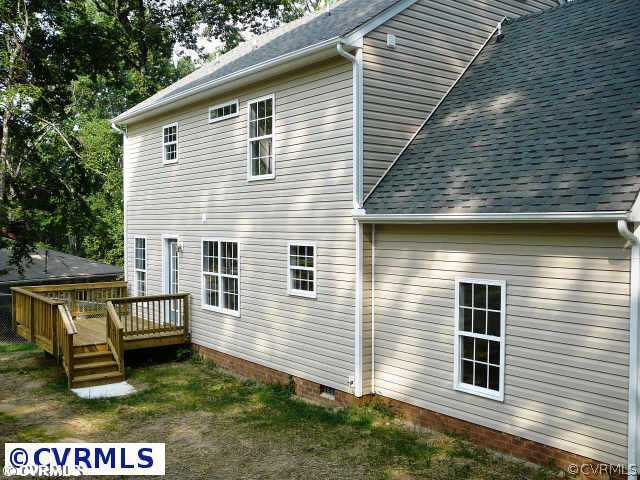 8408 Atlee Road Mechanicsville, VA 23116 - Photo 8 of 10 a view of a house with a balcony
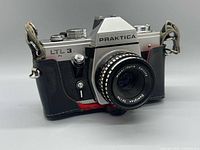 Front view of Praktica LTL 3 with Domiplan 50mm lens and leather half-case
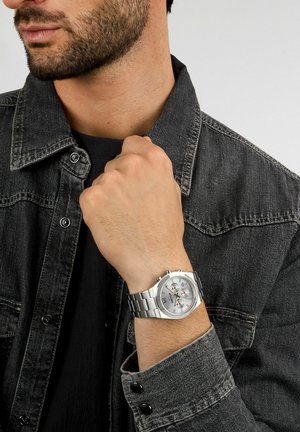 Silberner Chronograph mit weißem Zifferblatt, Edelstahl-Armband und Akzenten. Am Handgelenk getragen, teilweise von einer Jeansjacke bedeckt.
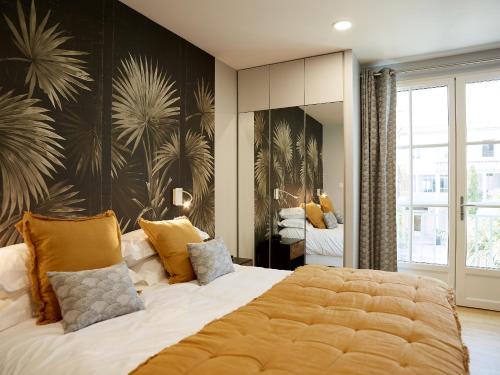 a bedroom with a large bed with yellow pillows at Hôtel Le Galion in Saint-Martin-de-Ré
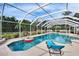 Enclosed pool with a lounge chair and an inflatable toy, surrounded by lush vegetation at 728 Camrose Dr, Brandon, FL 33510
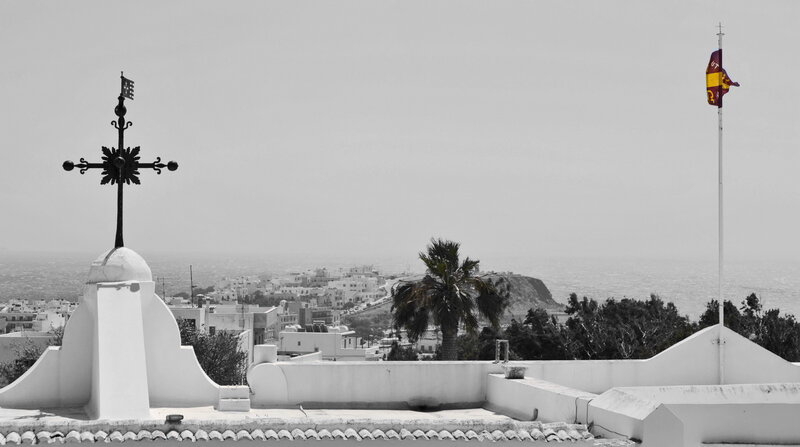 White town with cross and flag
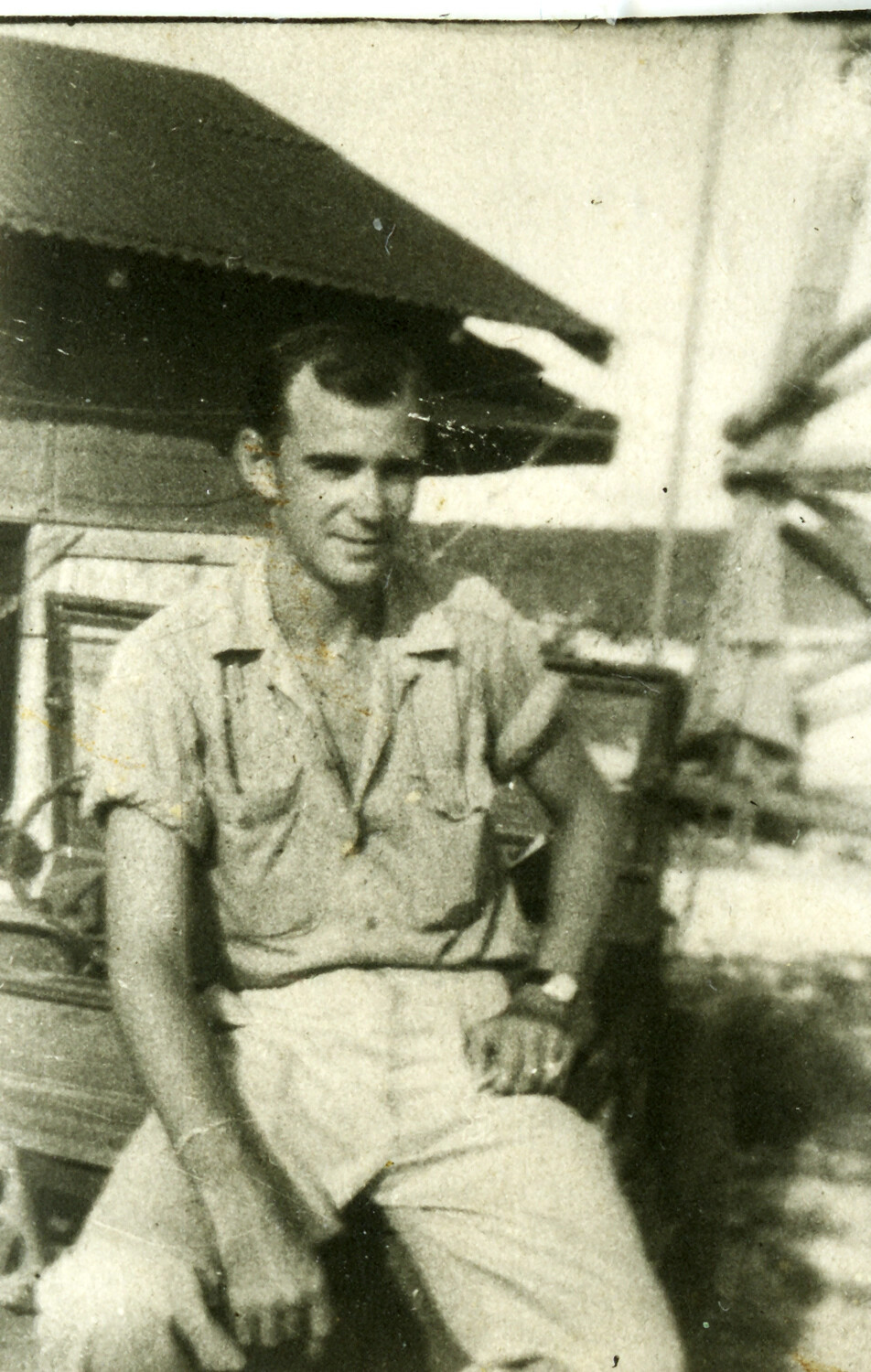 Portrait of US Serviceman Seated on Vehicle, Okinawa, WWII Era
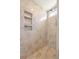 Shower with niche shelving, tile surround, and overhead shower head at 1569 Victoria Way, Winter Garden, FL 34787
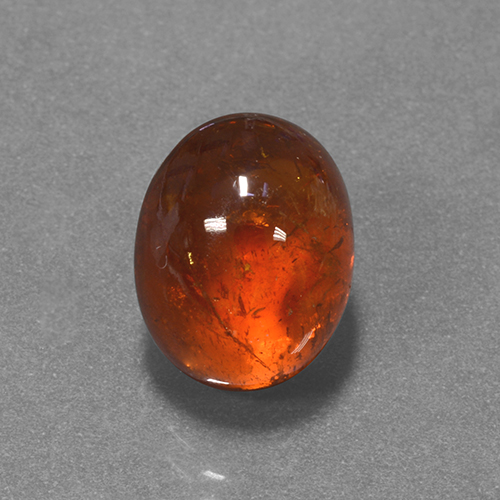 Dark Orange Spessartite Garnet Gem - 7.1ct Oval Cabochon (ID: 424328)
....
● **Exercise**: To answer, repeat exactly the lines from the line containing "Silberner Chronograph mit" through the last line of the data above, leaving out all pictures.

● **Exercise solution**:
 Silberner Chronograph mit weißem Zifferblatt, Edelstahl-Armband und Akzenten. Am Handgelenk getragen, teilweise von einer Jeansjacke bedeckt.
 a bedroom with a large bed with yellow pillows at Hôtel Le Galion in Saint-Martin-de-Ré
 Enclosed pool with a lounge chair and an inflatable toy, surrounded by lush vegetation at 728 Camrose Dr, Brandon, FL 33510
 White town with cross and flag
 Portrait of US Serviceman Seated on Vehicle, Okinawa, WWII Era
 Shower with niche shelving, tile surround, and overhead shower head at 1569 Victoria Way, Winter Garden, FL 34787
 Dark Orange Spessartite Garnet Gem - 7.1ct Oval Cabochon (ID: 424328)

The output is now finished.